[Material shown Boundary: Start]
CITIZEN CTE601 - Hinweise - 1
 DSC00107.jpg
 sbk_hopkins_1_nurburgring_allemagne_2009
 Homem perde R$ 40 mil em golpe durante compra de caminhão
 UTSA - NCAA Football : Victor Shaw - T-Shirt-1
[Material shown Boundary: End]
### Task description
Retype exactly, please, only the lines of the entries that run from the one containing "sbk_hopkins_1_nurburgring_allemagne_2009" to the last.

### Result of the exercise
 sbk_hopkins_1_nurburgring_allemagne_2009
 Homem perde R$ 40 mil em golpe durante compra de caminhão
 UTSA - NCAA Football : Victor Shaw - T-Shirt-1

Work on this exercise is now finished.